With mbed OS 5.1, the system incorporates an RTOS in the core of the operating system. The much-requested feature provides native thread support to the OS and applications, simplifying development and integration of complex and robust application components like networking stacks. It also enables both blocking and non-blocking design patterns. The RTOS adds very limited system overhead.
mbed OS 5 includes a real-time kernel based on Keil’s RTX implementation of the CMSIS-RTOS. The RTOS core lies beneath the OS delivering native thread support to drivers and applications, and also integrates with networking stacks and mbed’s uVisor security kernel. The “Eventing OS” model has also been reinvented as a library, so users of the feature don’t lose any functionality. Some designers have said the new features require a much larger code memory size, but I have not verified this as of yet. Let’s look at a few processor boards you could use with OS 5. These are all really development kits, but you can turn them into a super volume board with little stress and strain.
The FRDM-K64F from NXP
The Freedom-K64F from NXP is a very low-cost development platform for Kinetis K64, K63, and K24 MCUs. The K64 version uses a Cortex-M4 core running at up to 120 MHz with 1 Mbyte of flash, 256 Kbytes RAM, and lots of peripherals. It has two 16-bit A/D converters, two 12-bit D/As, a bunch of timers, and interfaces for 10/100 Ethernet, CAN, SPI, and USB. The development board includes extension headers compatible with Arduino R3 shields, a USB debug port, and a flash programmer.
The card has hardware CRC and random-number generator modules and hardware encryption supporting DES, 3DES, AES, MD5, SHA-1, and SHA-256 algorithms. It also sports a FXOS8700CQ 6-axis combo sensor accelerometer and magnetometer, two user push-buttons, and an RGB LED. $35 ea/single qty.

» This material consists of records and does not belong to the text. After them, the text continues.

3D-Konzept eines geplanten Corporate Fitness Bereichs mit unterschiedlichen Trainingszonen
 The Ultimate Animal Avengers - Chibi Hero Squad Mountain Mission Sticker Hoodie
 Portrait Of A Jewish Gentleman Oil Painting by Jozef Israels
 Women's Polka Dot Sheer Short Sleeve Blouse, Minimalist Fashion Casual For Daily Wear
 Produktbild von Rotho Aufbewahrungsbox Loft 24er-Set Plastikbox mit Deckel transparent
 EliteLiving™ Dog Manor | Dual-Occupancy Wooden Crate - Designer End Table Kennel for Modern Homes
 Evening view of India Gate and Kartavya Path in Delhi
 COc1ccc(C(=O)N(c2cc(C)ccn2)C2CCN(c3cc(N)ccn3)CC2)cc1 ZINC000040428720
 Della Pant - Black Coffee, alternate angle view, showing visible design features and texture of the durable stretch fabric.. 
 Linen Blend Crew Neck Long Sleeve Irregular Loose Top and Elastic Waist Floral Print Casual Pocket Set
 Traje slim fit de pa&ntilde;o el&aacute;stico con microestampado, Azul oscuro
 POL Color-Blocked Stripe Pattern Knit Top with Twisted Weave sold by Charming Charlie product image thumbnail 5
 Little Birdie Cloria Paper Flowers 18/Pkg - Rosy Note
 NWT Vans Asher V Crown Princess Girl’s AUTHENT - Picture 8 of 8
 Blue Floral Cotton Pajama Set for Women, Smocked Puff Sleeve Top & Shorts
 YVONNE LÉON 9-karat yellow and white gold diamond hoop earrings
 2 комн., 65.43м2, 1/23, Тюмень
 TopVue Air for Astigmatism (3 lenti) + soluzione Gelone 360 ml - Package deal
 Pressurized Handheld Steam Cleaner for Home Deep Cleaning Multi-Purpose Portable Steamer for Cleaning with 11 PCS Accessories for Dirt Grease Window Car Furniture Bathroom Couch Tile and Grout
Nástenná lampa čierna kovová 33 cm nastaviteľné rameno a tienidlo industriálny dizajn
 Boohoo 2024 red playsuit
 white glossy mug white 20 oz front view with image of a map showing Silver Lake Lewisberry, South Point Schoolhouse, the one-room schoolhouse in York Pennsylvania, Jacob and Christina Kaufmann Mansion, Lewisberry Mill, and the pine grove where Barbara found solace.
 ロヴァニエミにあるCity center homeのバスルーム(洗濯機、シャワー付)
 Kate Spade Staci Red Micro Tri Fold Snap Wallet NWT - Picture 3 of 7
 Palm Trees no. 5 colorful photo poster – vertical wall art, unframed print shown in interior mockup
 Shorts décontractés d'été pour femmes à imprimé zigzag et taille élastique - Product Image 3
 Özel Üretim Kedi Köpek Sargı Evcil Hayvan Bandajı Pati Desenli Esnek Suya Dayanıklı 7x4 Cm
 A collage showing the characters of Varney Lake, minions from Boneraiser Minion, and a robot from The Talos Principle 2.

Kit uses STM32F746NG microcontroller
The 32F746GDISCOVERY evaluation kit from STMicroelectronics seems to have a few different names, but stick with this part number and you will find it for just $50 in distribution. The board features a 4.3-inch 480 x 272 color LCD-TFT display with capacitive touch. It uses an STM STM32F746NGH6 microcontroller with a fast Cortex-M7 core, 1 Mbyte of flash, and 340 Kbytes of RAM.
The CPU implements a full set of DSP instructions and has a memory protection unit (MPU) for enhanced application security. It has three 12-bit A/D converters, two D/A converters, a low-power RTC, thirteen general-purpose 16-bit timers, including two PWM timers for motor control, and one low-power timer available in Stop mode, along with a true random-number generator and a 96-bit unique ID. The chip has a LCD-TFT controller with up to XGA resolution and a Chrom-ART Accelerator for enhanced graphics. It has dual CAN ports, USB 2.0, and a 10/100 Ethernet MAC. And, finally, the MCU has an 8- to 14-bit parallel camera interface running at up to 54 Mbyte/s.
The board has a camera connector, an SAI audio codec, audio line-in and line-out jacks, stereo speaker outputs, two ST MEMS microphones, and an SPDIF RCA input connector.
A peach from Renesas
The Renesas GR-PEACH is an mbed-enabled evaluation board (in a very odd color) that combines the advantages of the mbed ecosystem and Arduino form factor. The 53.34 x 68.58-mm board's 400-MHz RZ/A1H processor includes a Cortex-A9 core and a full 10 Mbytes of RAM, plus a 128-Kbyte data-retention RAM. The CPU also offers a 32-Kbyte L1 instruction cache, a 32-Kbyte L1 data cache, and a 128-Kbyte L2 cache. This LSI also includes various timer functions, a real-time clock, a UART, and I2 C bus interface and graphics-related functions.
The GR-PEACH board has 8 Mbytes of flash, two USB host/device interfaces, one Ethernet port, five SPI ports, three I2 C I/Os, eight UARTs, 7 x 12-bit A/D converter, dual CAN ports, dual camera inputs, and an LVDS display driver. Optional shields include audio camera, LCD, and a Wi-Fi module. The board is available now for $119 ea.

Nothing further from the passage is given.